TRY IT: Please, from the entries below, transcribe exactly the lines that begin at the line with "Riviera Sun Strapless" and end at the line with "3D Desert Strike Plane Combat screenshot-3", without the pictures.

EXCERPTED DATA:
Content starts
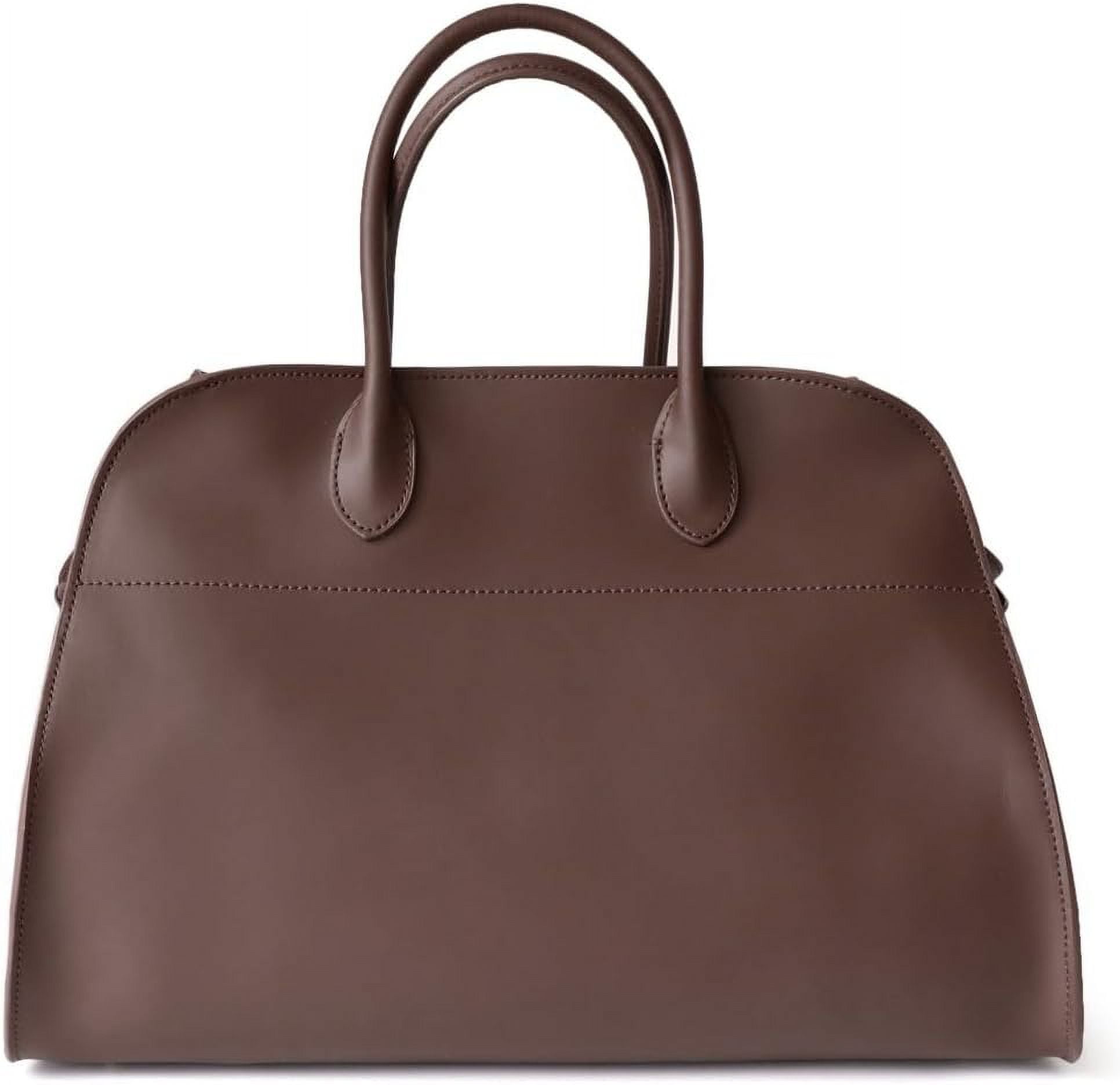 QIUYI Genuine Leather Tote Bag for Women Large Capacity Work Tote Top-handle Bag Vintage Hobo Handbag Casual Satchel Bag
Content ends
Content starts
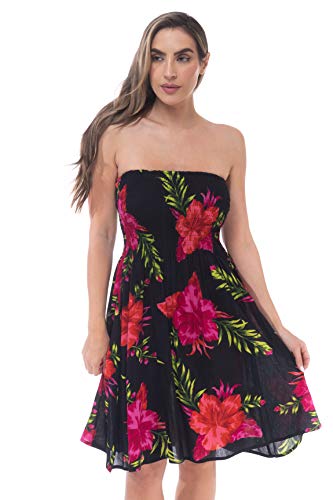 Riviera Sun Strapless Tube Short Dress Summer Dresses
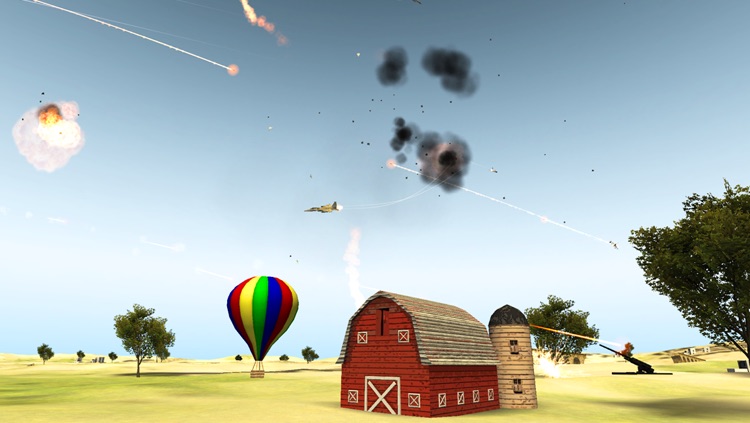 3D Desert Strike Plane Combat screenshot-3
Content ends
WRITTEN RESPONSE:
 Riviera Sun Strapless Tube Short Dress Summer Dresses
 3D Desert Strike Plane Combat screenshot-3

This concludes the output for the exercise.